A March report from Medscape found that, of more than 9,000 doctors surveyed, 9 percent of male doctors and 11 percent of female doctors said they had suicidal thoughts. But the problem is not new, the report notes. High suicide rates among physicians have been documented for 150 years.
“Ironically, it’s happening to a group of people who should have the easiest access to mental health care,” said Gary Price, a Connecticut surgeon and president of the Physicians Foundation.
But the reluctance to seek help isn’t unfounded, said Corey Feist, president of the Dr. Lorna Breen Heroes’ Foundation.
“There’s something known in residency as the ‘silent curriculum,'” Feist said describing an oft-unspoken understanding among physicians that seeking mental health care could jeopardize their livelihoods.
Feist’s sister-in-law, emergency room doctor Lorna Breen, died by suicide during the first few months of the pandemic. Breen sought inpatient mental health treatment once, Feist said, but she feared her medical license could be revoked for doing so.

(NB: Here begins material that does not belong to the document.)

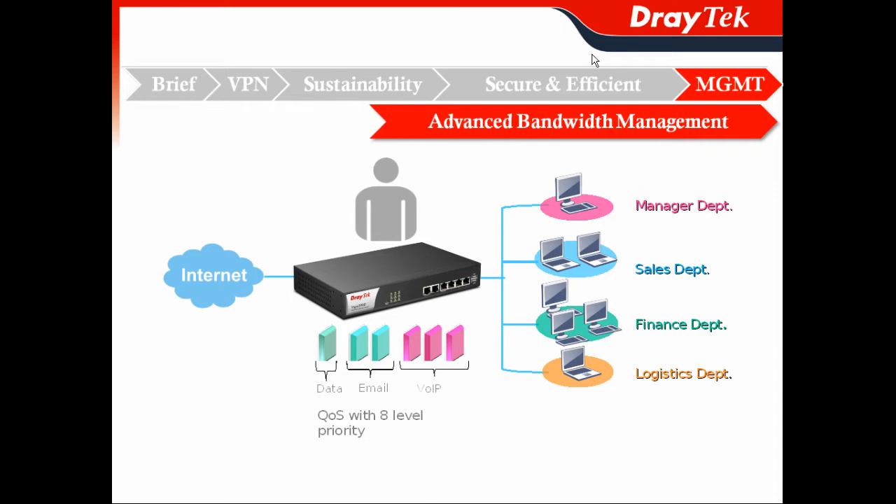In the last section, easy-to-use centralized management. First, how we better utilize your subscribed bandwidth — we got Advanced Bandwidth Management by our QoS.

The foundation works to change laws across the country to ban medical boards and hospitals from asking doctors invasive mental health questions on job or license applications.
“These people have to be taken care of by us, because nobody really takes care of them,” Feist said.
In Charleston, psychologists are made available to doctors in group meetings like the one Miller attended, as part of the resilience program.
But solving burnout also requires a culture shift, especially among older clinicians.
“They’ve had worse and we know it. But it’s still not good,” Miller said. “Until that changes, we’re going to continue to burn doctors within the first three years of their careers.”
This article was reprinted from khn.org with permission from the Henry J. Kaiser Family Foundation. Kaiser Health News, an editorially independent news service, is a program of the Kaiser Family Foundation, a nonpartisan health policy research organization not affiliated with Kaiser Permanente.